Thursday, September 17, 2009

Ask Your Teachers For a Rebate

Ian Ayres

Crosspost from Freakonomics:

On Tuesday, I handed out more than $150 to my “small group” of Contracts students. It was a strange moment — pulling out your wallet and passing out cash. But I did it because I assigned my contracts casebook and I’m trying to reduce the financial conflict of interest that professors have in assigning their own books. I wrote about doing this in a 2005 New York Times Op-Ed:

[A]t the moment, professors’ incentives in choosing textbooks are in some ways more distorted than doctors’ incentives in choosing drugs. You see, I earn a $10.30 royalty on every copy of my textbook that a student buys. Instead of just trying to get the best book for my class (and to do so I should weigh both quality and price), I might also consider assigning my own book and increasing my profit.

This is a self-dealing transaction, which would be presumptively illegal if professors owed a fiduciary duty to students. Some professors realize this and donate to charity the royalties they earn when they assign students their own books.

So this year, I am going to do something different. I will give $11 to each of my contracts students who buys my book. That way, we will all know that I assigned the book for the right reason.

Rebating the money this year was a great excuse to discuss whether any of the students had a valid promissory estoppel claim against me. In 2005, I said “this year, I am going to … .” Does that promise cover all future contracts and non-contracts Ayres classes? Do I need to pay students who bought used textbooks or bought before they heard of the offer?

In retrospect, I wish I had softened one claim from the Op-Ed: “That way, we will all know that I assigned the book for the right reason.” Disgorging the $11 reduces the conflict, but I still have plenty of self-serving reasons to favor my own work over others. Still, disgorgement is a simple way to reduce the appearance of impropriety.

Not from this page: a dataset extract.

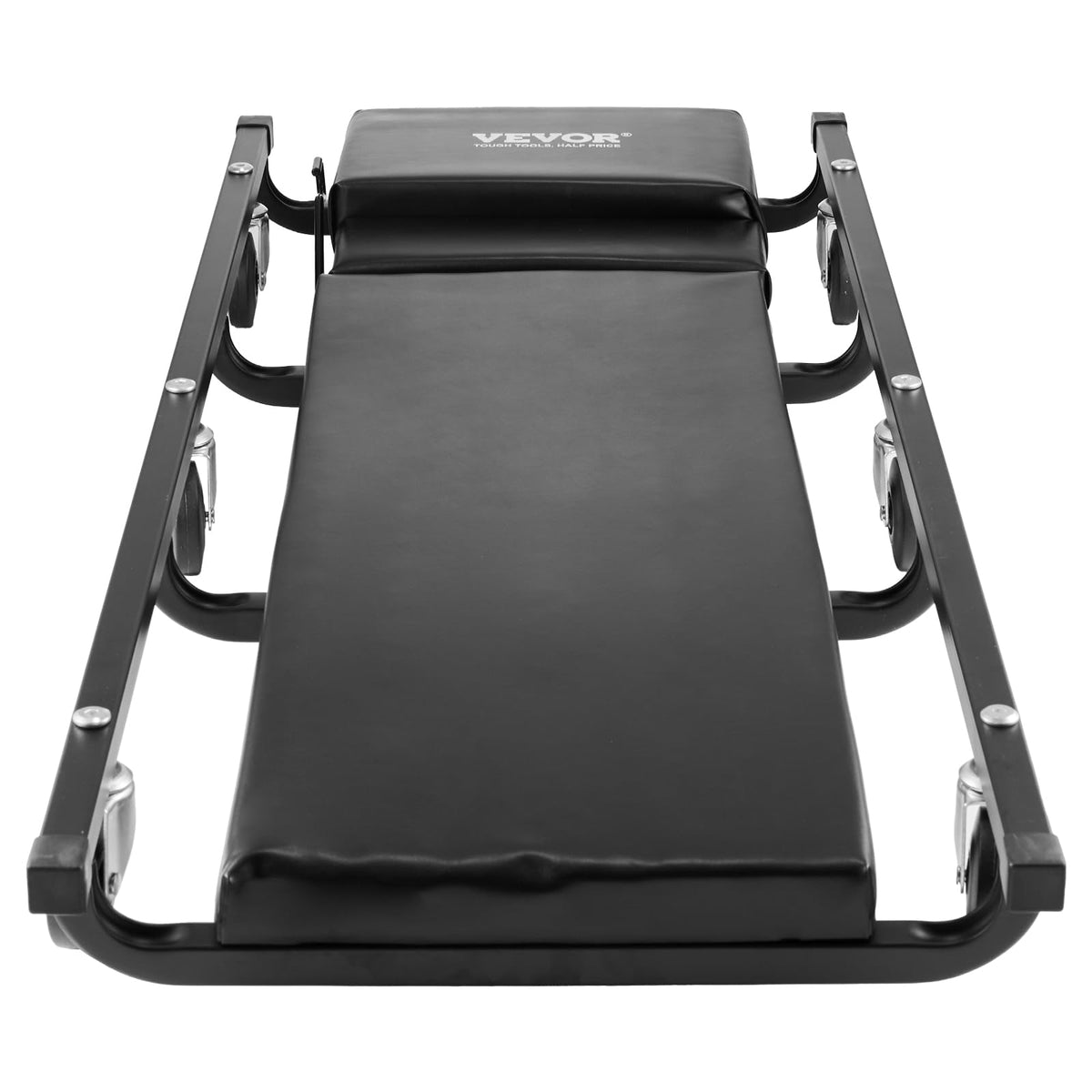 40-Inch 300 lbs Capacity Automotive Rolling Creeper with 6 Casters I8901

I was surprised to learn that the Yale Daily News picked up the issue yesterday. One of my university colleagues, in defending his decision not to rebate royalty to his students, noted “that roughly 90 to 95 percent of his book royalties are from books that are not assigned in Yale courses.” This suggests that his books have passed a market test.

Then again, he would only be forfeiting 5 to 10 percent of his book royalties by rebating those paid by his own students. And the more relevant market test is what proportion of other professors choose his book. If only 5 percent of the professors without a financial incentive assign his textbook, then there is more of an appearance that the financial payoff played an inappropriate contributing role.

I’m delighted to report that one of my Yale colleagues emailed me yesterday to say that he was going to join me in rebating his royalty to his students. We are not alone.

When I originally published the Op-Ed, I received dozens of emails from professors around the country indicating that they disgorge their royalty. So students, if your professor has asked you to buy his or her book, ask for a rebate. A small way to make professors more sensitive about the price of the books they are assigning is to think about the royalties they are generating for themselves.